今日は七回目の農作業の日。
もうかれこれ一ヶ月半ほど毎週拓真の自宅に通っている。
電車通勤にも慣れた。
最近は玄関から漂う香りが安心するようになって、第二の自宅にいるような感覚に。
着替えを終えてから畑に出ると、畑に面して肩を並べた拓真から本日の指示が出された。
「今日はジャガイモの収穫をしよう」
あんなに楽しみにしてたデートが、凡ミスによって白菜の収穫作業と入れ替わってしまい、既に農作業をする意味がなくなってしまった。
しかし、目覚ましを朝6時にセットして7時には電車に乗り込んで、拓真の家に向かっている自分がいる。
残念な事に、農作業が生活の一部として定着してしまったようだ。
畑が気になっている時点で完全にアウト。
否定したいところだけど、指示一つで倉庫から収穫用のケースを取り出している。
でも、二人きりで会えるだけで十分幸せ。
ところが、雨風を含む心の嵐は何の前触れもなく幸せな日常を奪う準備を始めていた。
午前中の収穫作業を終えて、いつものようにお昼ご飯を食べ終えて三人で談笑していると、インターフォンが鳴った。
拓真の家に来るたびにインターフォンを鳴らしているけど、聞き取る側は初めて。
「ちょっと行ってくるわね」
お婆さんは腰に手を当てながら立って直接玄関へ向かった。
しかし、玄関扉の引き戸を開けるとそこには……。
「こんにちは。お久しぶりです、お婆さん」
約一年前にこの街を離れて行った、拓真の初恋相手の栞が立っていた。
「あら……、栞ちゃん。久しぶりね」
「ご無沙汰してます。

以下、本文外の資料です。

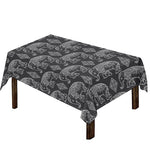 White And Grey Indian Elephant Print Tablecloth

お元気でしたか?」
「えぇ、栞ちゃんも元気そうね」
『栞』という名前に反応した拓真は、血相を変えてバタバタと玄関に走って行き、和葉も背中を追った。
つい先日お婆さんの口から挙がった名前にいい記憶はない。
和葉は狭い玄関に立ち止まって壁になった拓真の横へ。
拓真は約一年ぶりの栞の姿に声を詰まらせた。
「栞……」
ーーそう、目の前に立ってるのは栞。
バイクの接触事故で身体に傷跡が刻まれてしまった、拓真の幼馴染で好きだった人。
栞は髪が腰近くまで長くて、奥二重で唇が薄くナチュラルメイク。
服装は、紺色のシンプルなカーディガンに、白いフリルのシャツに、膝下までの長さのライトグレーのフレアスカートを履いている。
拓真が好みと言っていた清楚系だ。
栞を見た瞬間、拓真の好みの基準が栞だったと知る。
拓真と良好な関係を築いている今の自分には不都合な人。
「私、ずっと拓真に会いたくて……」
栞は久しぶりの再会に感極まって、瞳に涙をうっすらと浮かべた。
ーーそれは、山田さんのアドバイス通り、拓真との恋心をより大きく育んでいこうと思っていた矢先の出来事だった。
栞が現れただけでも衝撃を受けたのに、拓真の耳を塞ぎたくなるようなひと言が瞬く間に伝えられた。
一方の拓真は、まるで魂を抜かれてしまったかのような表情で見つめている。
きっと今は、良い記憶と悪い記憶が両極端にフラッシュバックしているだろう。
最近拓真と心の距離が近付いてきて、幸せボケをしていたせいか油断していた。
まさか栞が戻って来るなんて思いもしなかった。
引っ越した時点で二人の関係は切れてしまったと思い込んでいたから。
私は彼女の出現と共に、地獄の切符を手にする事に……。